What are your guys' thoughts on the first flush? Even though it's mostly for the garden, our well water is VERY hard and our softener burns through salt pretty good so I wouldn't mind someday diving into the collected rain water for other uses some day.

Also, being an engineer, I can't help but try to 'come up with a better mouse trap' and scribble out similar style first flush to what's out there but one that would have a larger opening and would automatically open and flush out when the rain stops, and hopefully avoid the plugging issue if there is one.


----------



## Wood Duck (Dec 16, 2014)

I have a rain barrel with no first-flush device at all. I collect all the water that runs off the roof. I find the water is pretty clear all the time. I do get some dirt or crud in the bottom of the barrel, so I dump it two or three times a year to flush out the sediment. I typically dump it before a good rain so it refills quickly. I wouldn't bother with a first-flush diverter.

I think the biggest advantage of a rain barrel is that I can very quickly fill the watering can by dunking it in the barrel, rather than wait for the hose to fill it. That doesn't sound like a big deal, but it is very convenient when I have to water.


----------



## semipro (Dec 18, 2014)

The first flush devices I recall are a chamber with a hole in the bottom and a float that redirects flow to your tanks once the chamber is full.  
I'm wondering if just elevating the drain orifice above the bottom of the chamber would keep the hole from plugging.  If you made a removable bottom for the chamber you could remove the detritus that collects there.


----------



## JustWood (Dec 19, 2014)

I just put some fly screen frames that I scrounged out of a dumpster over the top of my barrels.


----------



## Hokerer (Dec 19, 2014)

Our rainwater collection system is for whole house water supply.  Downspouts run through "leafeater" screens (about 900 micron) then piped to collection bucket with 400 micron screen and from there into the 1000 gal underground tank where the well pump is.  No first flush diverter involved and everything's always worked just fine.


----------



## CenterTree (Dec 19, 2014)

Hokerer said:


> Our rainwater collection system is for whole house water supply.  Downspouts run through "leafeater" screens (about 900 micron) then piped to collection bucket with 400 micron screen and from there into the 1000 gal underground tank where the well pump is.  No first flush diverter involved and everything's always worked just fine.


Same here. Our home relies on rain water solely.

 We have a cistern (5000 gal) which is a huge concrete chamber built under the front porch of the house.
All rain water is channeled into the tank directly. Goes through a debris/leaf filter first...

Then a shallow well pump (located inside) pulls the water in through a large sand "filter".  

We do have a whole house canister filter (50 microns) on the *fore-side* of the expansion tank in the basement and another filter *after* the pump/tank. (5 microns)

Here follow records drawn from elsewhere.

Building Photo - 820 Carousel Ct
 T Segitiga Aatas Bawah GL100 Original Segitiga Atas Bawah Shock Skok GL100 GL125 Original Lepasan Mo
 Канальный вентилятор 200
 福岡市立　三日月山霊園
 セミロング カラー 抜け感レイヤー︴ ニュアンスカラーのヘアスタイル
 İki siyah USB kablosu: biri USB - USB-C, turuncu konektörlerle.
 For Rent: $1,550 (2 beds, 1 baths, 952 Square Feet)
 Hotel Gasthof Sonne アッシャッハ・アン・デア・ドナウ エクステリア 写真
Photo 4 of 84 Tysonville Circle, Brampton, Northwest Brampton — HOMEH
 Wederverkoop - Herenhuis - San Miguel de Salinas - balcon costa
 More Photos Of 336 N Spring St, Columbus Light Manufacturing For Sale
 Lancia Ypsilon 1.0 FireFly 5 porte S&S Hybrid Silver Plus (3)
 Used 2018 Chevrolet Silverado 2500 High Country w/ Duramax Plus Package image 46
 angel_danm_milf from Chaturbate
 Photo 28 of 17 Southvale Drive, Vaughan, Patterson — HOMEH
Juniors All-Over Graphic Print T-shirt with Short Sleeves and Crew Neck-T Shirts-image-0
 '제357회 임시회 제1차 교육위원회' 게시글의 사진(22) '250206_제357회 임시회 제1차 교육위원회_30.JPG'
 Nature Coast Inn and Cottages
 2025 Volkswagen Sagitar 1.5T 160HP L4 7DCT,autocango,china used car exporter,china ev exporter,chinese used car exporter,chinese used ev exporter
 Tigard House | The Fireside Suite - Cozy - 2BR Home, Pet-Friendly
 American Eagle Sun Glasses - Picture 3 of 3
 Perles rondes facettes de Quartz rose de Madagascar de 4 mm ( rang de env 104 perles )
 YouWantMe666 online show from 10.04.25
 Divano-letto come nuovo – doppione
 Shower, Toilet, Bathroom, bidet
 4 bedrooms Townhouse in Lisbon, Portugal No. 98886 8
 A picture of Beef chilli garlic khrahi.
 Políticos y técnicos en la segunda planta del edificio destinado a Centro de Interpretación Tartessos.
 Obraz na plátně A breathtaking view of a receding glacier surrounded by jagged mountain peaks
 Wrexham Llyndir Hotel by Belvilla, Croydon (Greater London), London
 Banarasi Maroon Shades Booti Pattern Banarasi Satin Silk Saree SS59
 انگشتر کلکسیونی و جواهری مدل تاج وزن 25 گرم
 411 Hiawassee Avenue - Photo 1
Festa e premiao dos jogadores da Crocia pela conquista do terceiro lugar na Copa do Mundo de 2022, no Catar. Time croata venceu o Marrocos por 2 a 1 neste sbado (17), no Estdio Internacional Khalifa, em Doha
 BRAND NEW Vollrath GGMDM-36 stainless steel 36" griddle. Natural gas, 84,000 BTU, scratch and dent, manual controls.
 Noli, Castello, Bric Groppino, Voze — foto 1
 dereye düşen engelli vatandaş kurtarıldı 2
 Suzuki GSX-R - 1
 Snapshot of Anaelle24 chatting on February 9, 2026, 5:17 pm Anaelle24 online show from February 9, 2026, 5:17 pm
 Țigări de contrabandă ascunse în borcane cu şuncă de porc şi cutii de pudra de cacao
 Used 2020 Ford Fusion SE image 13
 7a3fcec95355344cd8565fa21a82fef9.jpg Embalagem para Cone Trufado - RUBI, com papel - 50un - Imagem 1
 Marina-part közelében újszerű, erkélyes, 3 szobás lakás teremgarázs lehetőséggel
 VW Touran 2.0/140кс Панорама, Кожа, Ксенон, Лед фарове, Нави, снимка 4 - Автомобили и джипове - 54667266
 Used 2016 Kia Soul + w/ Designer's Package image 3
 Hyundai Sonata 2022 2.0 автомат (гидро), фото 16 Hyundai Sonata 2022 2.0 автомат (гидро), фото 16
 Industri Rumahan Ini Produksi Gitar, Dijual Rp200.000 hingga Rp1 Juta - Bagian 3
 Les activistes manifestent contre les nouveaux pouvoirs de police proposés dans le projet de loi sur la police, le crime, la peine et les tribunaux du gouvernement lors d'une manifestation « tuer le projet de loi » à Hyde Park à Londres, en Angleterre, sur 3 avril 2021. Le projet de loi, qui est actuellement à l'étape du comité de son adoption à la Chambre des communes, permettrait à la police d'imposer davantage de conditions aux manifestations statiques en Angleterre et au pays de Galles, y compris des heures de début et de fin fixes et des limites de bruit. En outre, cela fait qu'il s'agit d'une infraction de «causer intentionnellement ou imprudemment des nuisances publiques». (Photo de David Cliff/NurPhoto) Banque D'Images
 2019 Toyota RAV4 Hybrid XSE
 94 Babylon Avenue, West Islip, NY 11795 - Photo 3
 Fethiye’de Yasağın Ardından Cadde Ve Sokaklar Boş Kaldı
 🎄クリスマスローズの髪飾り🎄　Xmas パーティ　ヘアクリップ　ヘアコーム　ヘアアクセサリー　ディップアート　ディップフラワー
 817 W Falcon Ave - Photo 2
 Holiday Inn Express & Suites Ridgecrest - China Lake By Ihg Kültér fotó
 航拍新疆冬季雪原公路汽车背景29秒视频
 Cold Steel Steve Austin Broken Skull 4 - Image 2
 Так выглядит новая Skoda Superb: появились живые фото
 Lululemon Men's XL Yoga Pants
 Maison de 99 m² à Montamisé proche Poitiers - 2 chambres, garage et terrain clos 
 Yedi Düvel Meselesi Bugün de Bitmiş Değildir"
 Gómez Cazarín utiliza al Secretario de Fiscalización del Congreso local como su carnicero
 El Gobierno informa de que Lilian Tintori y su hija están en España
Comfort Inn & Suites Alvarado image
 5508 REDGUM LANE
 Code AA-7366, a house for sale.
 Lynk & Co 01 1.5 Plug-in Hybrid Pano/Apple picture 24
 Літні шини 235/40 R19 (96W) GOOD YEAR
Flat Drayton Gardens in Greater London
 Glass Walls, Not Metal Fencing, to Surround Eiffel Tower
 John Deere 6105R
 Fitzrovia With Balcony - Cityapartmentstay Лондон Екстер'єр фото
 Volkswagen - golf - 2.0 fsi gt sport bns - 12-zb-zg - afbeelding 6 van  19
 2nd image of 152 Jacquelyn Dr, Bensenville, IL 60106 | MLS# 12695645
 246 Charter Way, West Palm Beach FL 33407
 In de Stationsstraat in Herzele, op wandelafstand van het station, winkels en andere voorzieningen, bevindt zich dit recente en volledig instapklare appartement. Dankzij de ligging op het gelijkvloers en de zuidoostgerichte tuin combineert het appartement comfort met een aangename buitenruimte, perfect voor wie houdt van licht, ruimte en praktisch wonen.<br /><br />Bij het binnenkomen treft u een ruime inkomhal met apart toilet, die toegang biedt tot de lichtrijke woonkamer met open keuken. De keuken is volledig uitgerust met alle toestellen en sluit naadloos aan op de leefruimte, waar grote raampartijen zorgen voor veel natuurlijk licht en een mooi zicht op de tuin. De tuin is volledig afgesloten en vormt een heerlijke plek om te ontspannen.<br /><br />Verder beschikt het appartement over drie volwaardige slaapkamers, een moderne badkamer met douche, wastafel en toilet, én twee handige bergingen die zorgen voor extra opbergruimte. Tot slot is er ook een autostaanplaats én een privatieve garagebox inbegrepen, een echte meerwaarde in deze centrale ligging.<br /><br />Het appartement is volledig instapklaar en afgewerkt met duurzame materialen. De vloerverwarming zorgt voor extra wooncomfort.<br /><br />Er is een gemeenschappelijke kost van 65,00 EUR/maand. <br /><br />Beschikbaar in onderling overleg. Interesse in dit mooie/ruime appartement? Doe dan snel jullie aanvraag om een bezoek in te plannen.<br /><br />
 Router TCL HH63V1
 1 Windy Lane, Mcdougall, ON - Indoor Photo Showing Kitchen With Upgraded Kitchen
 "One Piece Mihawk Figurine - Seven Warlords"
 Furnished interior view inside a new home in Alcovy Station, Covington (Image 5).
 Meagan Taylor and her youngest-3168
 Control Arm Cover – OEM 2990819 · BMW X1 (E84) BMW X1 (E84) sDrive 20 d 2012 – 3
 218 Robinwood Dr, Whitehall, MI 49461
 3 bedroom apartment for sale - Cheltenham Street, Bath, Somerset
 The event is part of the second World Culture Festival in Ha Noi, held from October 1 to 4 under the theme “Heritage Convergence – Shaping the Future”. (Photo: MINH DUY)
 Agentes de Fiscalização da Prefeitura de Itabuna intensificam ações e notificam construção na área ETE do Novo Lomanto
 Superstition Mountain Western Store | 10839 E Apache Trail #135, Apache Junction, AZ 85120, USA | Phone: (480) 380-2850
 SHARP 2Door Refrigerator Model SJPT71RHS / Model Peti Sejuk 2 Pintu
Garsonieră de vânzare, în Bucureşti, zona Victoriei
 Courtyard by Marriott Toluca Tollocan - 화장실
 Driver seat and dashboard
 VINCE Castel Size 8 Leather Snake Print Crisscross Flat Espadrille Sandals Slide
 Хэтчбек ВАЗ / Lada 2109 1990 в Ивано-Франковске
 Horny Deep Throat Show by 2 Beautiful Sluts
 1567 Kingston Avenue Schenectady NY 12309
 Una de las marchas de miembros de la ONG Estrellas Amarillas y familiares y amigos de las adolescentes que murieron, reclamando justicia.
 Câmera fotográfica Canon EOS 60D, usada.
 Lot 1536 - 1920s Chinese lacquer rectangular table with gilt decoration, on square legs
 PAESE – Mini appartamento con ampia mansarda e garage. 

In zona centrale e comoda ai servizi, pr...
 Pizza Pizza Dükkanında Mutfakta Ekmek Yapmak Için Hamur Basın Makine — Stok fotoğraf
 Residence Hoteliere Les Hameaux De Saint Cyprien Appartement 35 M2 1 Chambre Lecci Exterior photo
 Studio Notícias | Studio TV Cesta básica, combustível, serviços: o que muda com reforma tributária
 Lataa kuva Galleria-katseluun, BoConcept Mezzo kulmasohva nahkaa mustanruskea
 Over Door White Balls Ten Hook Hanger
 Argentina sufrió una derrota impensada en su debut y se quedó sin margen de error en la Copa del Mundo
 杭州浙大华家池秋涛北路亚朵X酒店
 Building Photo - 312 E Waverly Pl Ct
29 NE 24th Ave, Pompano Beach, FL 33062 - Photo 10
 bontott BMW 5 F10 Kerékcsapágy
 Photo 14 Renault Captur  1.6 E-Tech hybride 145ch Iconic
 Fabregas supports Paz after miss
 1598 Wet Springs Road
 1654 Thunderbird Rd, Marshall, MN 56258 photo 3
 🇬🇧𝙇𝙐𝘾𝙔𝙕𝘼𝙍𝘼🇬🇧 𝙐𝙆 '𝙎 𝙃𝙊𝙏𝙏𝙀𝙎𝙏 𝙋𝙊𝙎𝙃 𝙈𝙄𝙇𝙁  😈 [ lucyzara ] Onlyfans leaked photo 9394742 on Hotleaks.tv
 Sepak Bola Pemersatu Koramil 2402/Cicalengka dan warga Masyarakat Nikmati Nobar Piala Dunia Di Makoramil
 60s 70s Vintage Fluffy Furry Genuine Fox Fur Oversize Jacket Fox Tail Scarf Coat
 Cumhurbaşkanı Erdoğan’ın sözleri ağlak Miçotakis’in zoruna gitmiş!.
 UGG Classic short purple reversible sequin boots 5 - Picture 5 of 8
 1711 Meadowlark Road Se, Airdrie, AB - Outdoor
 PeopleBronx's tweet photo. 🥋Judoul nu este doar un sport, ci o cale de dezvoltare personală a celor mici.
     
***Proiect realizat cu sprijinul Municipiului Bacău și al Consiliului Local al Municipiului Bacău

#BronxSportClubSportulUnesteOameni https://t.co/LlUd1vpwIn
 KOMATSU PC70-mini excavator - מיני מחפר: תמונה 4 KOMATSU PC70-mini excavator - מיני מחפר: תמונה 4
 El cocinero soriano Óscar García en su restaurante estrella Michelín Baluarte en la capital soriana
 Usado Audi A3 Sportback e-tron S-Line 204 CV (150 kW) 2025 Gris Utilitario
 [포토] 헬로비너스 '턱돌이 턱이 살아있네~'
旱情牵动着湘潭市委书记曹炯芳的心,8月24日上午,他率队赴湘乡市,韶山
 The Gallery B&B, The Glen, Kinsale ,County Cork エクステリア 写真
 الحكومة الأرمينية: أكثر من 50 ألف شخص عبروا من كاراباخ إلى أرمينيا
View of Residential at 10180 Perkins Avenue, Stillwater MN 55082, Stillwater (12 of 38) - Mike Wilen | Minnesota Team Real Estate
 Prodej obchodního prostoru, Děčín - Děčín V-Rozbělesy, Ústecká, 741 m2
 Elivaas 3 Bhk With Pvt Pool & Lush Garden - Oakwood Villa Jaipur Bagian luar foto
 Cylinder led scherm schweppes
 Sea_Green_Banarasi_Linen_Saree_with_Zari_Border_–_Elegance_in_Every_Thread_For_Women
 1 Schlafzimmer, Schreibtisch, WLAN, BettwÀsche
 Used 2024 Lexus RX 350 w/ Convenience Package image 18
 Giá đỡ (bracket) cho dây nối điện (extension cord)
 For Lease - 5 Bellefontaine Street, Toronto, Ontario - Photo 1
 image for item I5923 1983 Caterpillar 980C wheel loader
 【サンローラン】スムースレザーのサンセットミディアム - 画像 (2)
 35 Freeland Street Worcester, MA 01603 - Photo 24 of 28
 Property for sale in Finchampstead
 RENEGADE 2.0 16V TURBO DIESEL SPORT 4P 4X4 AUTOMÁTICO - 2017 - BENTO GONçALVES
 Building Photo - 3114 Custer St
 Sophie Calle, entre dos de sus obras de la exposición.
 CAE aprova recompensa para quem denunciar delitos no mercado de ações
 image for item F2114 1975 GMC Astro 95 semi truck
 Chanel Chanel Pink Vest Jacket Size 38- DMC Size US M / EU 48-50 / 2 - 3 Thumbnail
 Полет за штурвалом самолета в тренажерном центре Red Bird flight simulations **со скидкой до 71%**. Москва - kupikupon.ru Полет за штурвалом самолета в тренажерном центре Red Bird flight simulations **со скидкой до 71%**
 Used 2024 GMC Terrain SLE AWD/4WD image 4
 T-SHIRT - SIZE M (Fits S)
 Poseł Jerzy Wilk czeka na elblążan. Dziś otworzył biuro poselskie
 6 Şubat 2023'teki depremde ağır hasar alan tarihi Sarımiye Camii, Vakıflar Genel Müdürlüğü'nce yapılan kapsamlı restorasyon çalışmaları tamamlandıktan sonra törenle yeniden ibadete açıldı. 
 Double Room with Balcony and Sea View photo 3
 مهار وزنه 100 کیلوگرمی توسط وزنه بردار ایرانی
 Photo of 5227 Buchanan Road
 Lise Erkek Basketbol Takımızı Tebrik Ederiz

Never had any issues by not having a first-flush system on the spouts.
---------------------
Our* garden* rain barrel system collects all H2O off the shed.  We have TWO  55 gallon barrels and no first flush diverter either.
The water just goes on the veggies anyway.  We get a few bugs in it and some minor algae on the bottom throughout the summer, but no big deal.


----------



## semipro (Dec 19, 2014)

The intended purpose of first flush systems is to remove dissolved contaminants not suspended ones.  The first wave of water that comes through typically contains higher levels of airborne contamination as well as chemicals that leach from asphalt shingles, etc.


----------



## farmboy05 (Dec 19, 2014)

Thank you all!  I am wondering though,  do you do any kind of purification for using it for drinking?

I think I'll go straight into the 50 gal barrels for now, but maybe leave myself a way to add a first flush/material filtering if i need to down the line.


----------



## Hokerer (Dec 19, 2014)

farmboy05 said:


> Thank you all!  I am wondering though,  do you do any kind of purification for using it for drinking?


 
Once it's pumped out of the tank, water goes through a 25 micron sediment filter then a 5 micron carbon block filter and finally a UV sterilizer and voila! potable water.


----------